■ **Required work**:
Leaving the pictures aside, transcribe the data below exactly.

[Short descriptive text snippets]
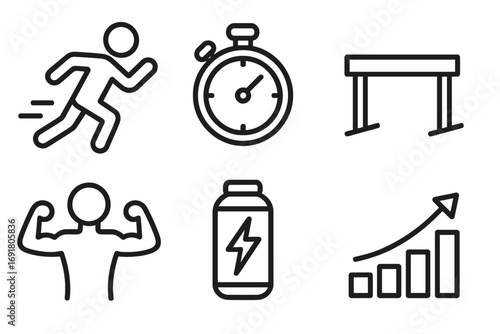 Fitness and sport linear icon set. Vector symbols for workout, running, athletic training. Concepts of speed with stopwatch, strength, overcoming hurdles, and progress chart.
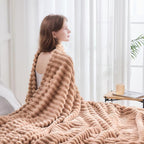 NEWCOSPLAY Super Soft Twin Blanket Taupe Premium Silky Flannel Fleece 3D Ribbed Jacquard Lightweight Bed Blanket All Season Use (Taupe Ribbed, Twin(60"x80"))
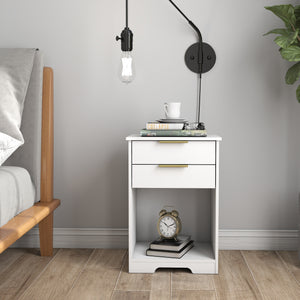 English Elm Nighstand White 2-Drawer Nightstand with Open Shelf, Gold Handles, Modern Compact End Table W3151P346294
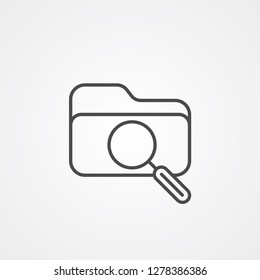 Search folder vector icon sign symbol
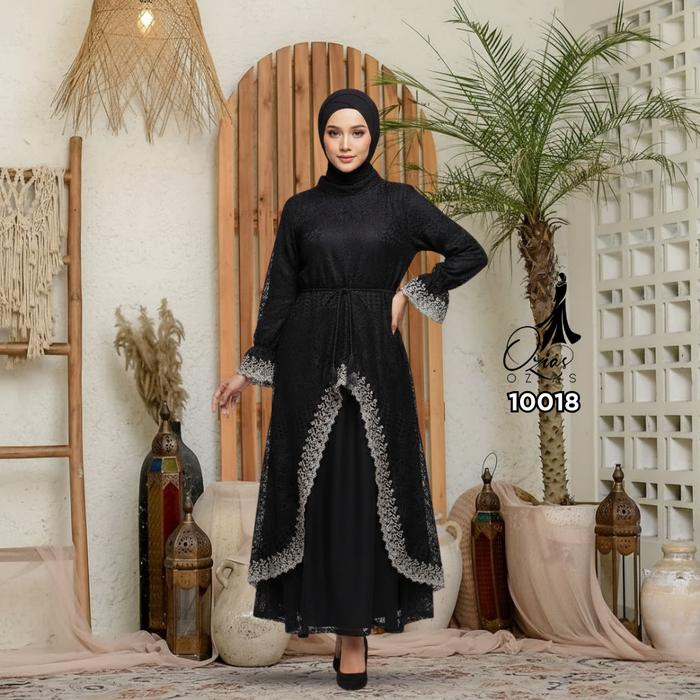 Gambar GAMIS OZIAS BROKAT RENDA 10018 LD 105 120 140 I Gamis Kondangan Wanita I Gamis Fashion Lebaran I Gamis Bini Orang - Hitam, LD 105 dari Ozias.id Kota Administrasi Jakarta Barat Tokopedia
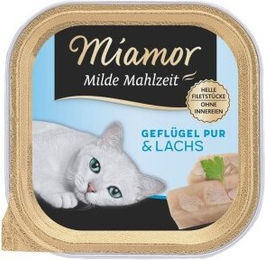 Produktbild von Miamor Milde Mahlzeit Schonkost Geflügel und Lachs mit Stückchen für erwachsene Katzen 64x100 g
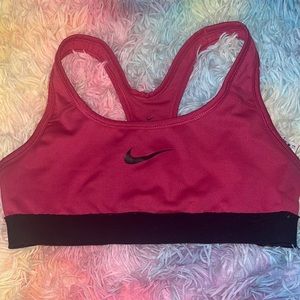 Hot pink nikes sports bra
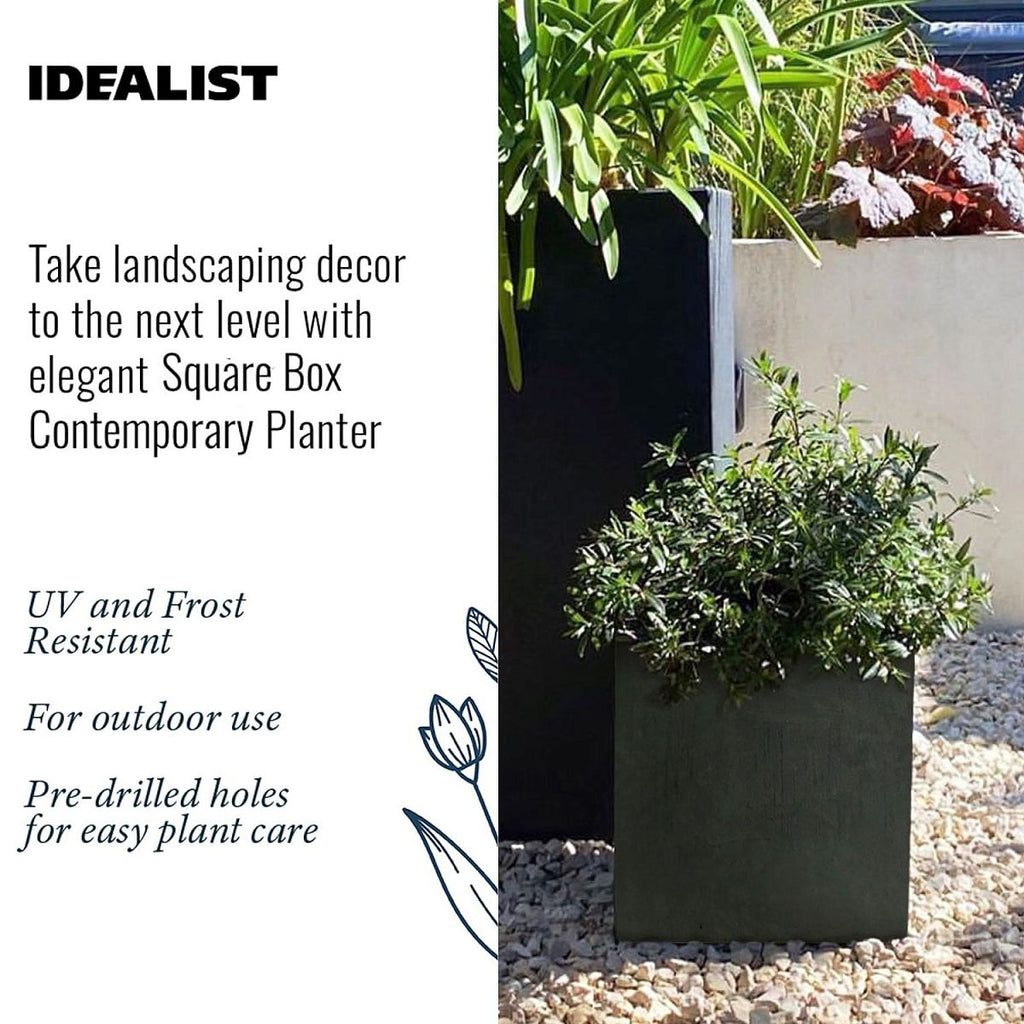IDEALIST Lite Contemporary Flower Box Square Garden Planter, Light Concrete Outdoor Plant Pot H30 L30 W30 cm, 27L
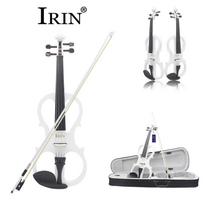 IRIN 4/4 elektrinis akustinis smuikas su smuiko korpuso dangteliu, skirtas muzikos styginiam instrumentui balta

■ **Solution below**:
 Fitness and sport linear icon set. Vector symbols for workout, running, athletic training. Concepts of speed with stopwatch, strength, overcoming hurdles, and progress chart.
 NEWCOSPLAY Super Soft Twin Blanket Taupe Premium Silky Flannel Fleece 3D Ribbed Jacquard Lightweight Bed Blanket All Season Use (Taupe Ribbed, Twin(60"x80"))
 English Elm Nighstand White 2-Drawer Nightstand with Open Shelf, Gold Handles, Modern Compact End Table W3151P346294
 Search folder vector icon sign symbol
 Gambar GAMIS OZIAS BROKAT RENDA 10018 LD 105 120 140 I Gamis Kondangan Wanita I Gamis Fashion Lebaran I Gamis Bini Orang - Hitam, LD 105 dari Ozias.id Kota Administrasi Jakarta Barat Tokopedia
 Produktbild von Miamor Milde Mahlzeit Schonkost Geflügel und Lachs mit Stückchen für erwachsene Katzen 64x100 g
 Hot pink nikes sports bra
IDEALIST Lite Contemporary Flower Box Square Garden Planter, Light Concrete Outdoor Plant Pot H30 L30 W30 cm, 27L
 IRIN 4/4 elektrinis akustinis smuikas su smuiko korpuso dangteliu, skirtas muzikos styginiam instrumentui balta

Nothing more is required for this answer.